[Scraped caption text data]
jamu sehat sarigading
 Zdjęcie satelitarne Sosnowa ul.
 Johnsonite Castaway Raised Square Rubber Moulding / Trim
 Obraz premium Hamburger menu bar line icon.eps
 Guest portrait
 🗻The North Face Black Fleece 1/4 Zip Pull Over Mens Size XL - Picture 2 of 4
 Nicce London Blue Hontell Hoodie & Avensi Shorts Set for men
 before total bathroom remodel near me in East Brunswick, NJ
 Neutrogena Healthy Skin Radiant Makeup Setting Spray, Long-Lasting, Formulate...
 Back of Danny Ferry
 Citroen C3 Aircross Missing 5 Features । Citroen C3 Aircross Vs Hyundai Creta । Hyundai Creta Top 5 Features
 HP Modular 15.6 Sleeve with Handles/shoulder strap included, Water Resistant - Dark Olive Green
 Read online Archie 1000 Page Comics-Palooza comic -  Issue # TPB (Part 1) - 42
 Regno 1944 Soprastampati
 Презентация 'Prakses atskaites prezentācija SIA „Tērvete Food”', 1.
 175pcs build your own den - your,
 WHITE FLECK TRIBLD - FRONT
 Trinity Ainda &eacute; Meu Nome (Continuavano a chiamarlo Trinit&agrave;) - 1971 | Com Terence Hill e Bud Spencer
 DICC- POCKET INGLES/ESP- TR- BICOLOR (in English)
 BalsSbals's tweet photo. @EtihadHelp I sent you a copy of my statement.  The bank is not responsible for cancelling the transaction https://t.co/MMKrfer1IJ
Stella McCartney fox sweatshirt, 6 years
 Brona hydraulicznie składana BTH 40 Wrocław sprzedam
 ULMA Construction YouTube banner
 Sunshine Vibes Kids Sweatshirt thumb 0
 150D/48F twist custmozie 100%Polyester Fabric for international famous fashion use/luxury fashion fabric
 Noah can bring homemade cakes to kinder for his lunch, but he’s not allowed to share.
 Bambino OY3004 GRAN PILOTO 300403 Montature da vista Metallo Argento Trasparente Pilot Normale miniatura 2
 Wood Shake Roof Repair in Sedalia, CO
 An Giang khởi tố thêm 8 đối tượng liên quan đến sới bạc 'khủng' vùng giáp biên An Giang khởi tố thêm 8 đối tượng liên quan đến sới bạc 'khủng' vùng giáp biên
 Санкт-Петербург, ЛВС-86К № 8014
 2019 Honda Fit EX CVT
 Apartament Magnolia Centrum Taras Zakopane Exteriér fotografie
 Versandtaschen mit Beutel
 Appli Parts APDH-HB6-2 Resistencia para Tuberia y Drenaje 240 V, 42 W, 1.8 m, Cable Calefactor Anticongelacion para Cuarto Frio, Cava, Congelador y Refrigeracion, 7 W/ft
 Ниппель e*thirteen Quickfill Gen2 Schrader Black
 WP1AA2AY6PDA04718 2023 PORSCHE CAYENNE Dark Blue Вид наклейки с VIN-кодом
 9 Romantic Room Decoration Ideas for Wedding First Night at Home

- Exercise details
Please give back all of the data exactly as it appears.

- Task result
jamu sehat sarigading
 Zdjęcie satelitarne Sosnowa ul.
 Johnsonite Castaway Raised Square Rubber Moulding / Trim
 Obraz premium Hamburger menu bar line icon.eps
 Guest portrait
 🗻The North Face Black Fleece 1/4 Zip Pull Over Mens Size XL - Picture 2 of 4
 Nicce London Blue Hontell Hoodie & Avensi Shorts Set for men
 before total bathroom remodel near me in East Brunswick, NJ
 Neutrogena Healthy Skin Radiant Makeup Setting Spray, Long-Lasting, Formulate...
 Back of Danny Ferry
 Citroen C3 Aircross Missing 5 Features । Citroen C3 Aircross Vs Hyundai Creta । Hyundai Creta Top 5 Features
 HP Modular 15.6 Sleeve with Handles/shoulder strap included, Water Resistant - Dark Olive Green
 Read online Archie 1000 Page Comics-Palooza comic -  Issue # TPB (Part 1) - 42
 Regno 1944 Soprastampati
 Презентация 'Prakses atskaites prezentācija SIA „Tērvete Food”', 1.
 175pcs build your own den - your,
 WHITE FLECK TRIBLD - FRONT
 Trinity Ainda &eacute; Meu Nome (Continuavano a chiamarlo Trinit&agrave;) - 1971 | Com Terence Hill e Bud Spencer
 DICC- POCKET INGLES/ESP- TR- BICOLOR (in English)
 BalsSbals's tweet photo. @EtihadHelp I sent you a copy of my statement.  The bank is not responsible for cancelling the transaction https://t.co/MMKrfer1IJ
Stella McCartney fox sweatshirt, 6 years
 Brona hydraulicznie składana BTH 40 Wrocław sprzedam
 ULMA Construction YouTube banner
 Sunshine Vibes Kids Sweatshirt thumb 0
 150D/48F twist custmozie 100%Polyester Fabric for international famous fashion use/luxury fashion fabric
 Noah can bring homemade cakes to kinder for his lunch, but he’s not allowed to share.
 Bambino OY3004 GRAN PILOTO 300403 Montature da vista Metallo Argento Trasparente Pilot Normale miniatura 2
 Wood Shake Roof Repair in Sedalia, CO
 An Giang khởi tố thêm 8 đối tượng liên quan đến sới bạc 'khủng' vùng giáp biên An Giang khởi tố thêm 8 đối tượng liên quan đến sới bạc 'khủng' vùng giáp biên
 Санкт-Петербург, ЛВС-86К № 8014
 2019 Honda Fit EX CVT
 Apartament Magnolia Centrum Taras Zakopane Exteriér fotografie
 Versandtaschen mit Beutel
 Appli Parts APDH-HB6-2 Resistencia para Tuberia y Drenaje 240 V, 42 W, 1.8 m, Cable Calefactor Anticongelacion para Cuarto Frio, Cava, Congelador y Refrigeracion, 7 W/ft
 Ниппель e*thirteen Quickfill Gen2 Schrader Black
 WP1AA2AY6PDA04718 2023 PORSCHE CAYENNE Dark Blue Вид наклейки с VIN-кодом
 9 Romantic Room Decoration Ideas for Wedding First Night at Home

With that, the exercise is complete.